This isn't a "maybe it'll get fixed" situation – it's on their radar and they've shipped stability patches during the demo period already. But it's Early Access, it's day one, and some of this is going to take time. In the meantime, here's what you can actually control.
Restart the Game After a Disconnect
This sounds stupid but it matters. After Windrose disconnects you mid-session, the game's network state gets stuck. You'll sit on a loading screen or get dumped back to the menu if you try to reconnect immediately. Multiple people on the Steam forums have confirmed the same thing – you have to fully close Windrose and relaunch it before you can rejoin.
On Steam: right-click Windrose in your library → Manage → Force close, then relaunch. Just clicking "back to menu" and trying again won't cut it.
The Relay Routing Problem
Here's something that explains the "chugging before disconnect" pattern a lot of people are seeing. Windrose uses P2P relay networking for multiplayer connections, and those relays run through AWS. The problem is that the relay selection isn't always geographically smart – players have reported being routed through AWS servers in Korea when both the player and the server are in Europe or North America. That adds 300ms of latency to what should be a 20ms connection.
When the relay is struggling, you'll see it as periodic lag spikes – the game chugs for a few seconds while the relay catches up, and if the connection drops below whatever timeout threshold the game uses, you get kicked.
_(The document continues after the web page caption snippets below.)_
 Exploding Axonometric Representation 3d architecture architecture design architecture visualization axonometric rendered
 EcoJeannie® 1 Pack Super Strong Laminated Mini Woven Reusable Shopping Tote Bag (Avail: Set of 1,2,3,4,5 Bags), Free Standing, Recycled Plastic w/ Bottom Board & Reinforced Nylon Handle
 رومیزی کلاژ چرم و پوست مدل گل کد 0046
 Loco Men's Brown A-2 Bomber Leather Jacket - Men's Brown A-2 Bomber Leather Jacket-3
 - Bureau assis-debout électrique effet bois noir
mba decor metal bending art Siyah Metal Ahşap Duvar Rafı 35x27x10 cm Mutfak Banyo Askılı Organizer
There's not much you can do about relay routing specifically – that's on the game's networking layer and will improve as the devs refine their infrastructure. But you can make sure your own connection to the relay is as clean as possible (see the DNS section below).
Check Your DNS
Some DNS providers block the domains Windrose needs for its relay connections. NextDNS has been confirmed to block windrose.support by default, and other filtering DNS services might do the same. If the relay domain is being blocked, your connection will be unstable from the start – it might work for a while, then drop when the relay tries to renegotiate.
Switch to Google DNS (8.8.8.8 / 8.8.4.4) or Cloudflare (1.1.1.1) and flush your DNS cache:
ipconfig /flushdns
Then restart Windrose. If your disconnects were DNS-related, this fixes it immediately.
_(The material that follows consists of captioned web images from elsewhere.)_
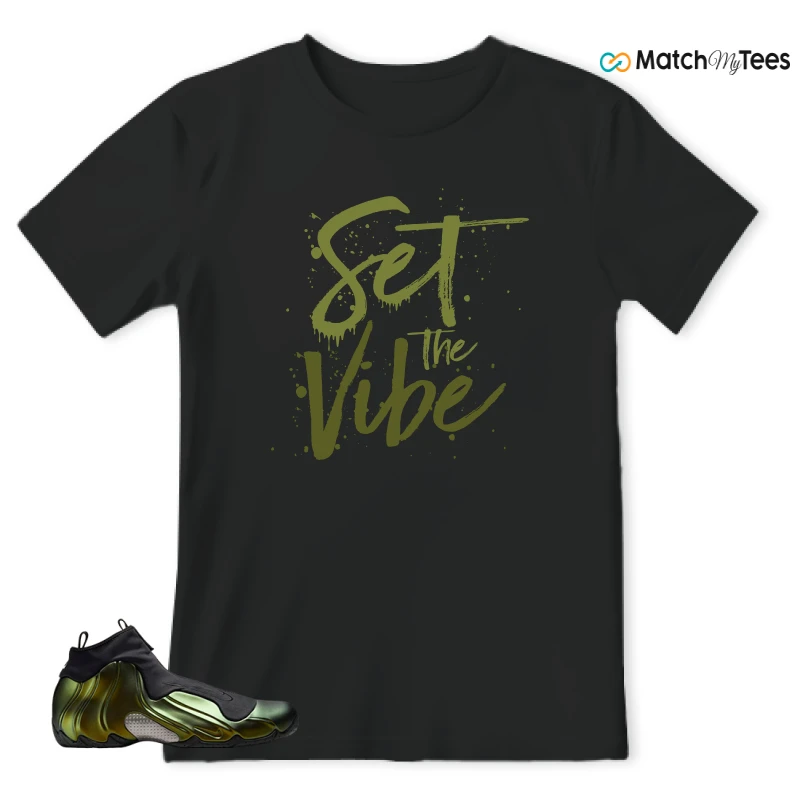 NIKE AIR FLIGHTPOSITE BLACK METALLIC GOLD SNEAKER Matching Tees t-shirt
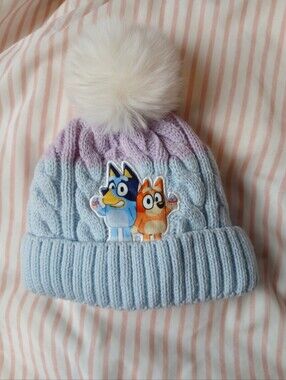 2/14 Bluey Hat Winter Toque Toddler Girls Kids Pompom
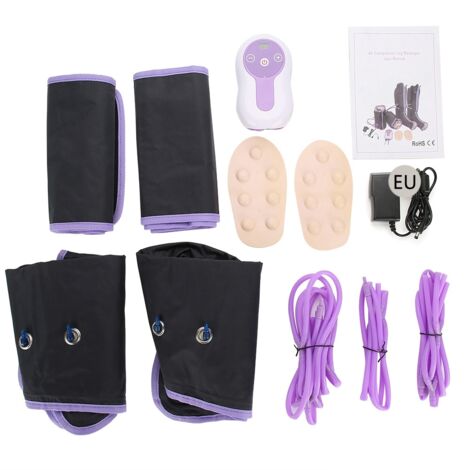 Massageur de jambes électrique à compression pour mollets et chevilles, avec bandes de circulation et prise UE 110‑240V
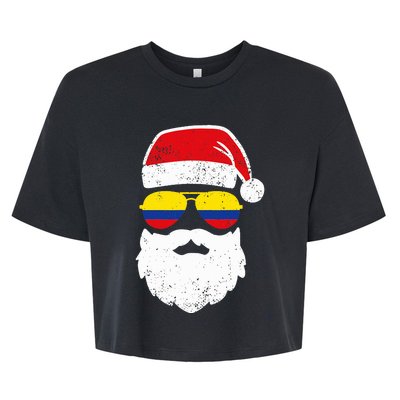 Funny Santa Claus Face Sunglasses Colombia Flag  Bella+Canvas Jersey Crop Tee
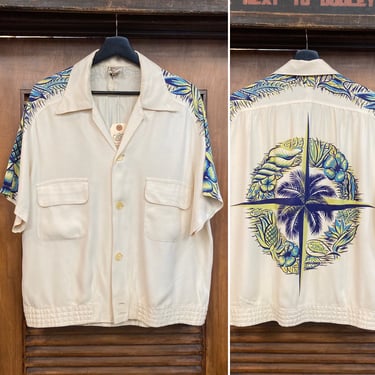 Vintage 1940’s “Catalina” Back Panel Tropical Hawaiian Shirt, 40’s Floral Print, 40’s Nautical Star, Vintage Clothing 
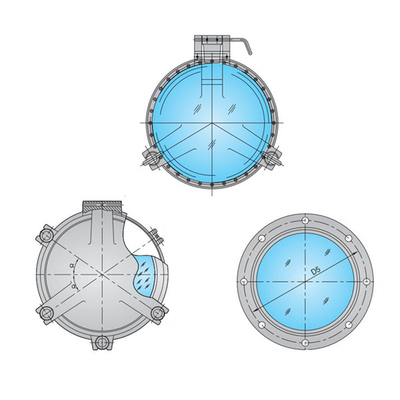 Light Transmission Size 200 / 250 / 300mm Fireproof Marine Porthole Windows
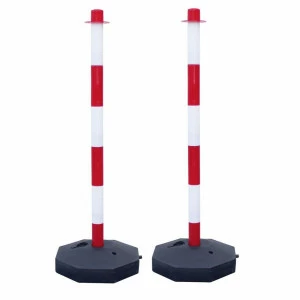 Lot de 2 Poteaux Viso plastique BUDGET - rouge-blanc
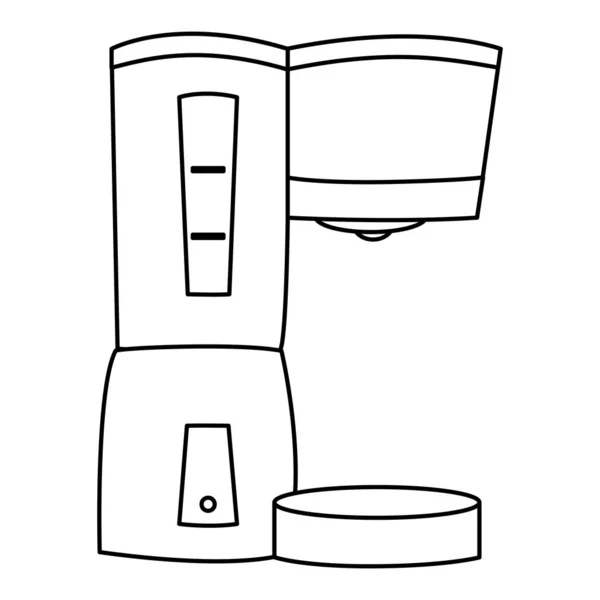 Linie Kaffeemaschine Maschine Objekt Design Vektor Illustration — Stockvektor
Your Hosting Provider Might Be the Problem
This one's worth mentioning because it's not something most people think about. Budget game server hosts often oversell their hardware – cramming dozens of game servers onto one physical machine to keep prices low. When that machine gets busy, your server doesn't get the CPU time it needs to keep up with the game's tick rate. The result? Periodic lag spikes as your server fights for resources, and eventually a disconnect when the tick rate drops low enough that clients time out.
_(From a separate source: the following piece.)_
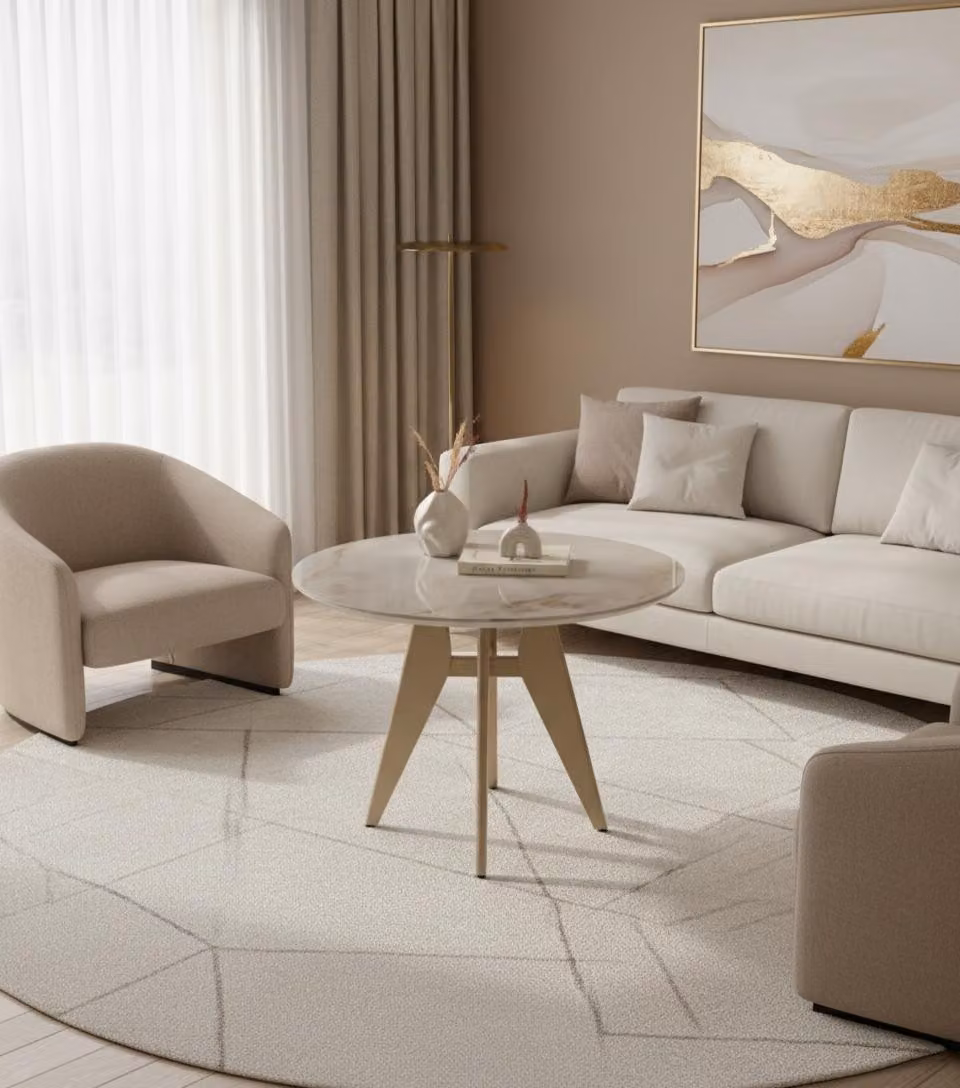 Tavolino da salotto moderno, minimalista, beige, elegante, di classe, confortevole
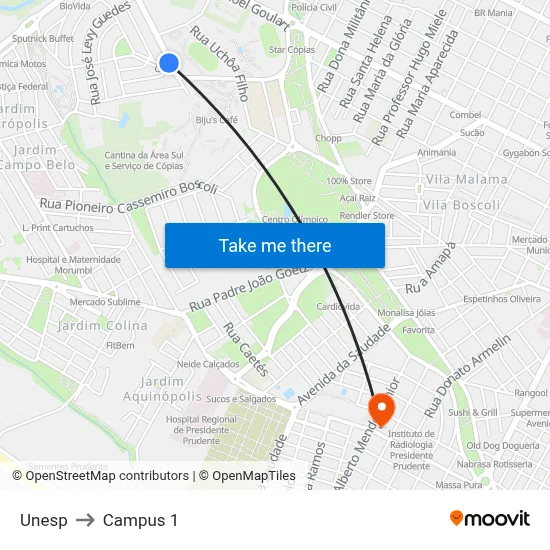 Unesp to Campus 1 map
The tell-tale sign of an oversold node is that your server runs fine at off-peak hours (late night, early morning) but starts chugging during evenings and weekends when everyone else's servers on the same hardware are also busy. If that matches your experience, the fix isn't a config tweak – it's a better host.
On LOW.MS we run Windrose on dedicated AMD Ryzen 9 hardware with guaranteed resource allocations – your server gets its full CPU and RAM allocation regardless of what else is running on the node. You can check your actual resource usage under Current Activity & Stats in the control panel. If CPU and RAM look fine but you're still disconnecting, the problem is upstream (relay routing, DNS, or the game itself) not your server.
Scheduled Restarts Help More Than You'd Think
Windrose is built on Unreal Engine 5, and like most UE5 Early Access games, the server process leaks memory over extended uptimes. After 12–24 hours of continuous operation, performance degrades – tick rate drops, the server responds slower, and disconnects become more frequent.
Set up a daily restart via Scheduled Tasks in your control panel. Pick a time when nobody's playing – 4 AM or whatever your group's dead hours are. The server saves the world on shutdown, so no progress is lost. Most of our Windrose customers who've set this up report noticeably fewer disconnects.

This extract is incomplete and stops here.